The two main components of geothermal energy are the multiple tubes/pipes that run underground in the Earth to absorb that 50°-60°F temperature (ground loops) and the heat pump that cycles the radiator/water mix through those tubes. If the tubes are the engine of the operation, then the heat pump does the driving.
What the geothermal heat pump does in the winter is send out cold refrigerant to absorb the warmth of the 55°F temperatures underground. Since 55°F is nowhere near warm enough for winter heat in a majority of North America, the refrigerant goes to a compressor where it becomes a gas upwards of 100°F. This hot gas then rises to a heat exchanger which warms air as it is sent out to the house.
Traditional Heat Pumps
The technology of geothermal heat pumps should sound familiar as it is similar to the methods used in traditional home heating for decades. Traditional heat pumps use an air source to extract warmth from the atmosphere as liquid refrigerant runs through coils in an outdoor unit. An evaporator then turns this heat into a gas so it can release warmth before condensing back into a liquid to repeat the process.
As expected this process loses much of its efficiency as the outside air temperature drops. When the thermometer dips below 40°F there is significantly less heat to pull from the atmosphere so traditional heat pumps are either outfitted with electric resistance coils (like a toaster) or the home features gas back-up. Traditional heat pumps still work well in cooling mode where the refrigerant takes heat from the house and disperses it into the outside environment but most homeowners will want a dual-unit if they spend the time and resources to install a heat pump.

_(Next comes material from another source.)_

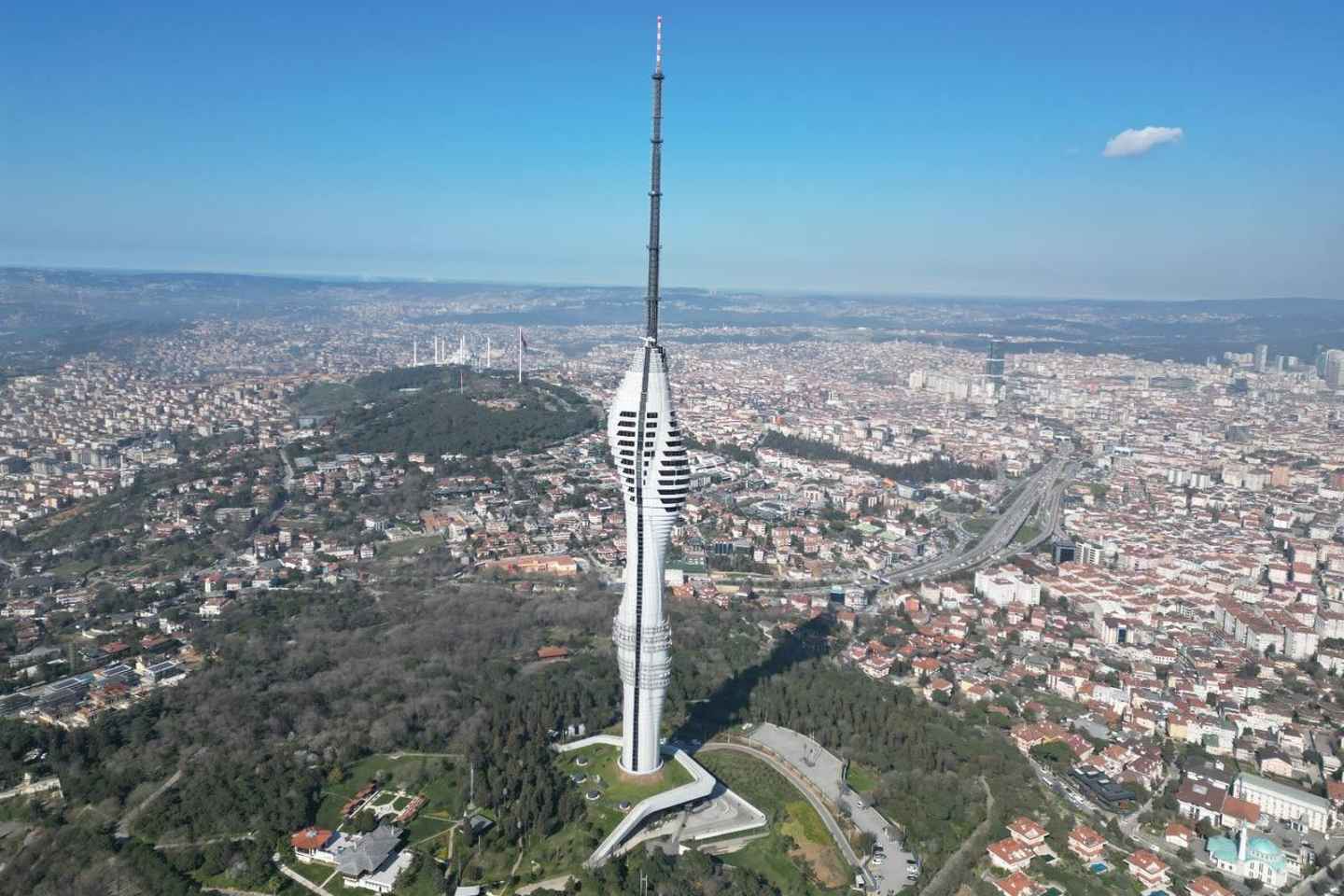 Entrada a la Torre Çamlıca de Estambul: Miradores Panorámicos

The Major Geothermal Difference
The major advantage that geothermal heat pumps have over traditional units is that their heat source comes from underground (or a deep water source nearby) instead of the air. Unlike an air-source heat pump that struggles with efficiency as the temperatures drop below freezing, a geothermal unit runs as normal thanks to the Earth’s constant 55°F core temperature even in bitter wind chills.
Main Differences Between Geothermal and Air-Source Pumps
While geothermal systems seem to be the way of the future, some people still prefer air-source pumps with their current home setup. The major differences a consumer needs to weigh when selecting between the two include:
- Energy Efficiency – There’s no doubt the most eco-friendly home energy choice is geothermal heating and cooling. The numbers prove it as geothermal heat pumps operate between 300-600% efficiency year-round compared to 175-300% for air-source units.
- Life Span/Maintenance – There are no two ways around it: an air-source heat pump will need to be partially stored outside, which brings along increased risks of damage and the need for cleaning. Geothermal units reside both underground and indoors which limits the maintenance and increases the life span generally. On top of this, the underground units are not subject to the potential damages of air-source heat pumps as they aren’t easily reached. With the exception of natural disasters and, occasionally, tree roots, geothermal systems are not subject to outdoor dangers.
- Costs – Geothermal systems need to be evaluated on total cost of ownership because although the upfront prices are higher (especially excavation for the pipes), the return is recouped in lower energy bills while also being a major selling point when the house goes for sale.
There are many more details that go into the ultimate decision of whether an air-source or geothermal system is right for you (tax credits, property space, existing HVAC setup, etc.).